Detachment from thoughts in the modern age

Monday, September 28

By Ariana Noghreh

I’ve recently come to the realization that I can’t think as clearly as I once used to. At first, I had suspected that it could be because I have too much on my plate: part-time jobs, familial responsibilities, and interacting with friends more often than I used to a month before. These could still have a slight effect on my recently fuzzy thoughts, but after taking some time to rethink I how spent my days and time-logging, I was faced with a conclusion that was worse than I originally thought it was.

It’s clear that our lives are now dominated by social media and we’re more than familiar with its adverse effects. We keep hearing about eye and posture problems, sleepless nights, a surplus in people with social anxiety and depression, FOMO, and spending more time on social media than we do on anything else during the day. But what you rarely hear about is losing the ability to think. We often hear the phrase “this generation has turned into robots” but have you ever thought about the extent of it?

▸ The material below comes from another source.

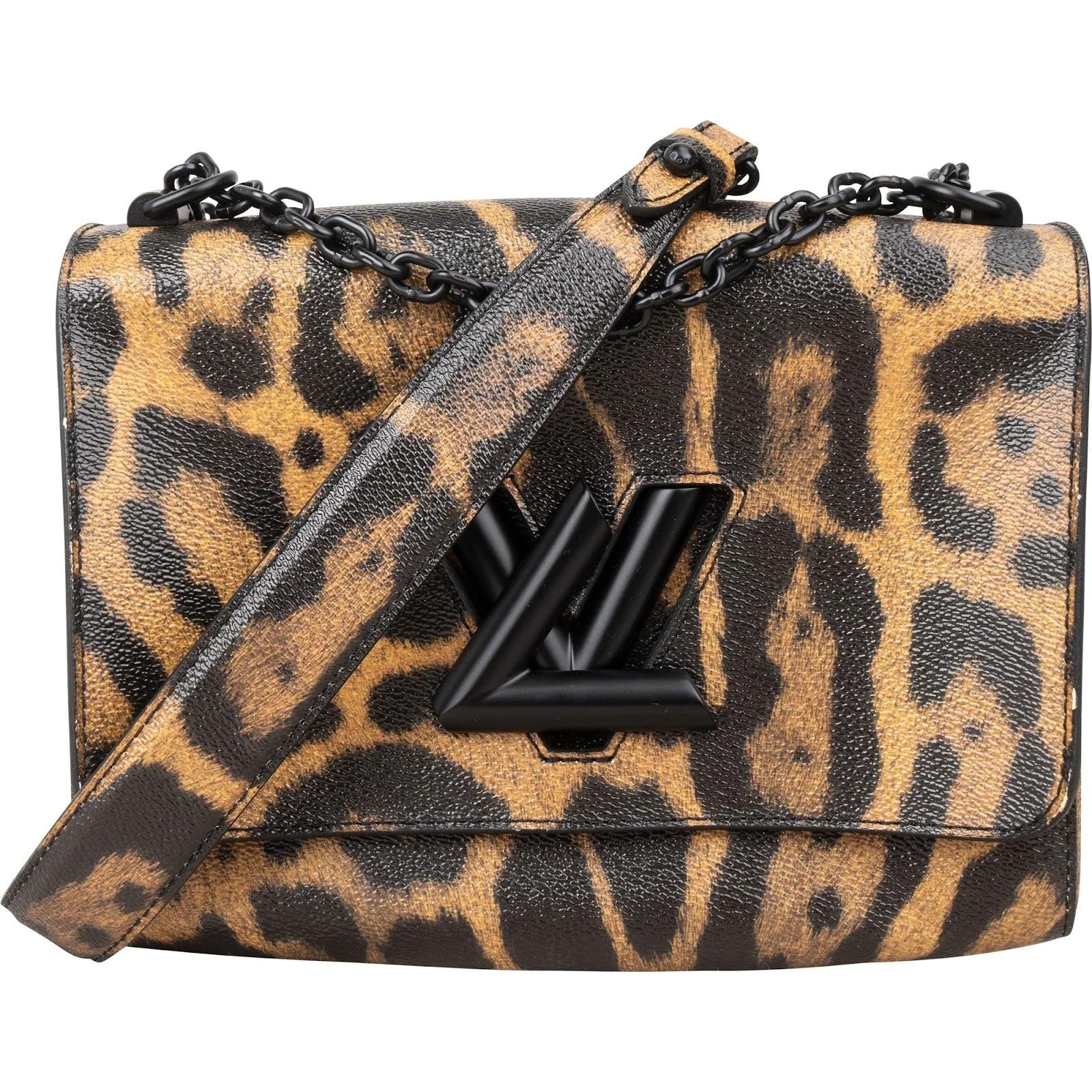 Twist leather crossbody bag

I realized that I’ve been thinking in fragments for a while and that’s why it took longer than usual for me to become aware if I’m acting different or if something is bothering me. I tried to look more into it and I also realized that I’ve become more numb in my day-to-day life and I’ve also become somewhat less intelligent.

After doing more research, I saw that I’d spend 3-5 hours a day on social media when it’d feel like an hour of scrolling instead of 3. I then saw that this mindless scrolling not only contributed to my inability to complete tasks as well and as fast as I used to, but it’s also affected my creativity, my ability to use logic as well as I used to in the past, and my energy during the day.

I know I’m not the only one feeling like this, which is why I’ve decided to write about it here. This consumeristic world keeps getting harder and harder to manage for everyone, especially when it comes to the phones that we have by our side 24/7.

If this goes unmanaged and uncontrolled for too long, our dependency on these little “black boxes” of our lives will increase and it’ll be harder to gain back the parts of ourselves that we can’t seem to reach as easily as we once used to.